What does diversifying your reading life mean to you?

Diverse authors, topics, genres?  Something else?

Diversifying my reading life means many different things, at least in my opinion.  It means all of the above: the diverse authors, the different topics, the varied genres.  However, it means more than that as well.  It means consciously making an effort to read books, short stories, poetry, whatever that have been written by diverse authors about diverse people.  It is one thing to read an author’s attempt at portraying a diversity that they have no personal knowledge about, but it is something else completely to read it from a truly up-close-and-personal standpoint.  Diversifying means making a conscious effort to step outside my comfort zone to power through the new and like-new books that the students of this day and age and reading and absorbing.  If I do not do that, then how am I to have any sort of conversation or dialogue with them about it?  How am I to capably do research to discover whether that book is fairly and accurately portraying diversity in a respectful and healthy manner?  How am I to truly educate?


What are your goals for diversifying your reading life?
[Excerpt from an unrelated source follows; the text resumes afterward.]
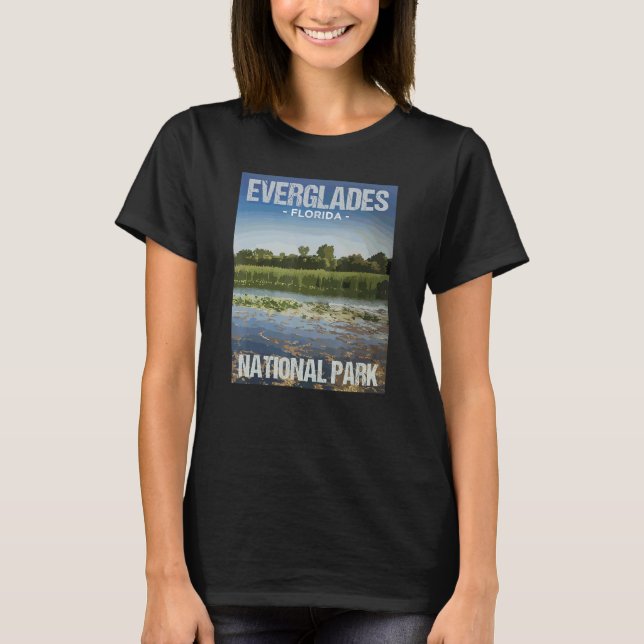 Camiseta Everglades National Park Florida Poster Design (Frente)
My main goals for diversifying my reading life are research and the dissemination of knowledge.  Therefore, as mentioned previously, it is essential that I am not only reading many different books by different authors, but I must also make sure that I am consciously making an effort to read diversely following the points I mentioned previously.  Along that vein, I am also going to make an effort to connect with my local library more and keep a variety of books within my own personal library.  At this point in time, most of my books have come from the free book shelf outside the English and Humanities offices because I had to leave the rest of my books at home.  My goal is to bring up the rest of my books once I get settled into a space for the long-term.



What challenges have you already experienced or foresee?

The challenges that I have already experienced are the issues with publishing and inauthentic representation.  Far too often have diverse characters been used as plot devices or the token “diverse” character.  This is definitively not authentic representation as the diversity is not being represented accurately or respectfully or even as a true character in the sense that they have a personality and place within the world built throughout the story.  Some challenges I foresee are the continuation of such behaviors towards diverse characters.  I also foresee people who are not actually part of the demographic being represented attempting to write diverse characters with minimal research and input from that demographic just for the sake of selling more books or being able to beef up their author bios..


What would a diverse reading life look like for you?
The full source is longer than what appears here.